RESL previously explored using OpenAI’s implementations of various algorithms but had the most success with Proximal Policy Optimization (PPO). Thus, as we began development, we chose to further explore PPO. To begin leading the quadrotor to effectively perform path following, we first focused on directly extending RESL’s PPO work by evaluating different reward functions.
Original Reward Function:
Originally, the reward function penalized the quadrotor based on a number of different factors, including
- Distance between quadrotor’s position and goal position
- The amount of control effort exerted by the quadrotor
- Whether the quadrotor crashed or not
- Orientation along the Z axis
- Yaw
- Uncontrolled rotation about the Z axis
- How drastically the rotor thrusts in the current action differed from those of the previous action
- Velocity
- Attitude
Restructuring Goal Representation
RESL previously trained the quadrotor to hover at a specific point with its z orientation perpendicular to the xy-plane.

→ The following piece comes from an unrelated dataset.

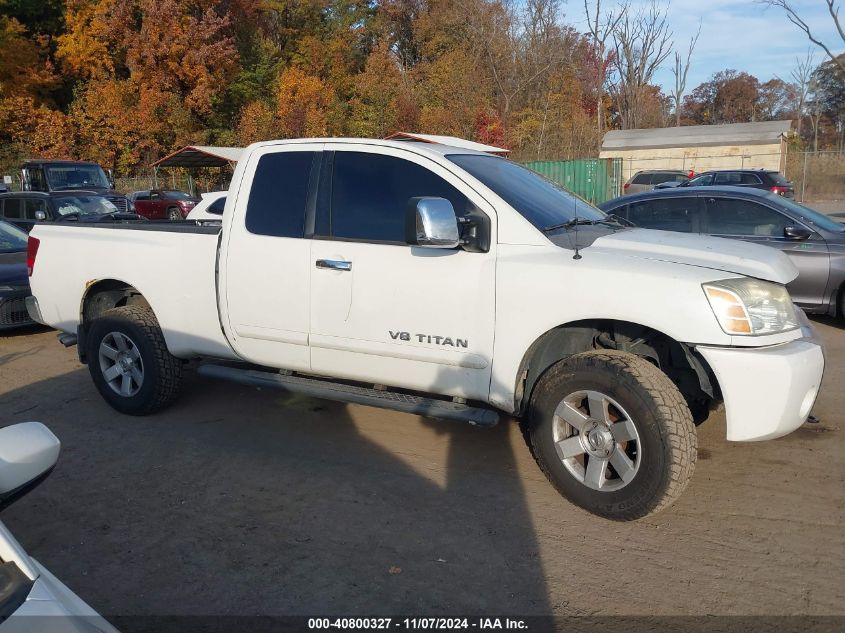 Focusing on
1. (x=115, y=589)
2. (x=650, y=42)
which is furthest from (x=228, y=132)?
(x=115, y=589)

To do so, they provided one goal point to the environment. In order to adapt the environment to represent a goal trajectory, we added support for multiple goals. Additionally, we updated the visualization tool to show multiple goals and change the color of each goal reached by the quadrotor. Figure 3 shows two goals in the visualization tool.
Figure 3: Visualization tool displaying 2 goals, one of which has been reached by the quadrotor. Note that the quadrotor attempts to maintain its z orientation perpendicular to the xy-plane.